NASHVILLE -- Lillie Mae Bradford is downright proud of her criminal record, but she wouldn't mind an official pardon.
The 77-year-old woman from Montgomery, Ala., got arrested for disorderly conduct in 1951 for walking to the front of a bus and asking for a transfer. Black passengers were not allowed up front then.
"I thought to myself, 'If you don't stand up for your rights now, you never will,' " she recalled.
Long after the South's segregation laws were declared unconstitutional, charges against Bradford and other blacks have remained on their records. But that could change as some Southern states move to offer pardons to those convicted of acts of civil disobedience during the civil rights movement.
Last year, Alabama became first state to pass the Rosa Parks Act, which gives people the option of having their records expunged, and Tennessee's version won final approval in the Legislature yesterday and awaits the governor's signature.
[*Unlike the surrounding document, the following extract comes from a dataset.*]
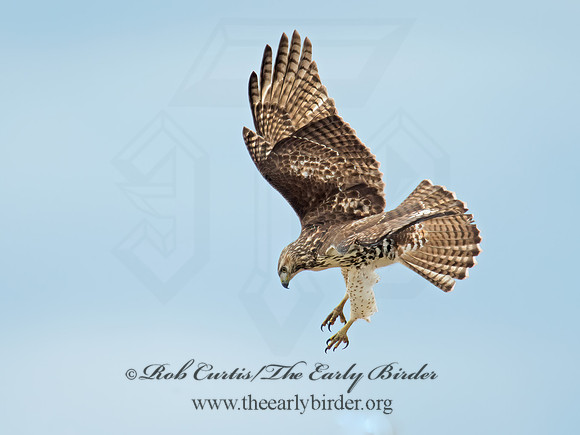 Buteo jamaicensis  RED-TAILED HAWK 9005905z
A similar measure failed in Florida.
"Unlawful assembly, disorderly conduct, refusal to move -- all of these were catchall charges under Jim Crow," said Representative Thad McClammy, a black Montgomery Democrat who sponsored the Alabama law. "A lot of these followed individuals throughout their lifetime, and they shouldn't be criminalized."
Bradford, a retired school custodian, knows that having her record cleared now won't have any real effect, but she wants to apply for a pardon certificate anyway.
"I want to have it removed, frame it, and put it on the wall," Bradford said. "It will show I was arrested fighting for my rights."
The Alabama law grants a pardon, but sends the criminal record to the state archives to be used in museums or for other educational purposes.
Tennessee's proposal would allow a person to have his or her record destroyed, unless that person requests it be preserved for public display.
Both states also would allow posthumous pardons. That could apply to Parks , whose arrest in 1955 for refusing to give up her seat to a white man on a Montgomery, Ala., bus led to the Montgomery bus boycott, which established the Rev. Martin Luther King Jr. as a national figure. Parks died in 2005.
McClammy said he plans to contact Parks' s estate about a pardon for her.